WORK INSTRUCTION - Everything in the listing below must be duplicated exactly.

AVAILABLE DATA -
..............................

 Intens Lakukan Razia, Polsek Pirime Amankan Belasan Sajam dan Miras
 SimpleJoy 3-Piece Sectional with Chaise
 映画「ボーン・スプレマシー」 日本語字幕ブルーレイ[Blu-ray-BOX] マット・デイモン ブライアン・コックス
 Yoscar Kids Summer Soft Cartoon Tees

..............................

EXERCISE ANSWER -
 Intens Lakukan Razia, Polsek Pirime Amankan Belasan Sajam dan Miras
 SimpleJoy 3-Piece Sectional with Chaise
 映画「ボーン・スプレマシー」 日本語字幕ブルーレイ[Blu-ray-BOX] マット・デイモン ブライアン・コックス
 Yoscar Kids Summer Soft Cartoon Tees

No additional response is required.